I second what Tmagic650 suggests... important.

But your battle is with a number of problems. A very old computer with limited memory. How old is the hard drive? If it is as old as the computer, you are likely having drive problems that will worsen rapidly. Six years is a long time for any brand and model.
Another problem is that you likely do not have enough memory. Some of your memory is taken to run the video graphics. You do not have adequate memory to run all the updates well when downloaded. When that computer was new, 256MB of memory was adequate... now I doubt that 512MB is enough to do well what you are trying to accomplish.
 
That is true raybay, a more modern, bigger hard drive could help with virtual memory allocation and I do think 512MB is the max memory for this model. It might be 1GB though
 
Firstly, thanks for all the helpful responses everybody, as it has given me a clear idea to what to do.

And yes raybay, I'm afraid the hard drive is as old as the PC. And admittedly because of its age, I'm wondering it's even worth the hassle trying to restore everything in order.
 
Hard drives are not expensive these days. Investing in a new IDE drive may let you hang on to your beloved computer a bit longer
 
I am worried about my PC, recently it had suddenly rebooted by itself while I was working and kept freezing as the desktop appeared on my screen.
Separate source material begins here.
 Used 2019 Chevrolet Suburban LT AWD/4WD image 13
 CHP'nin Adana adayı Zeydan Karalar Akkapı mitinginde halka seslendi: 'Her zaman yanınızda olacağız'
Could be a system problem:

Start> Run> type in eventvwr

Do this on each the System and the Applications logs:

  • [1]. Click to open the log>
    [2]. Look for the Error>
    [3] .Right click on the Error> Properties>
    [4]. Click on Copy button, top right, below the down arrow >
    [5]. Paste here (Ctrl V)
    [6].NOTES
  • You can ignore Warnings and Information Events.
  • If you have a recurring Error with same ID#, same Source and same Description, only one copy is needed.
  • You don't need to include the lines of code in the box below the Description, if any.
  • Please do not copy the entire Event log.

Errors are time coded. Check the computer clock on freeze.

Maybe someone will come along and mention the possibility of your having BitTorrent and Limewire as potential problems.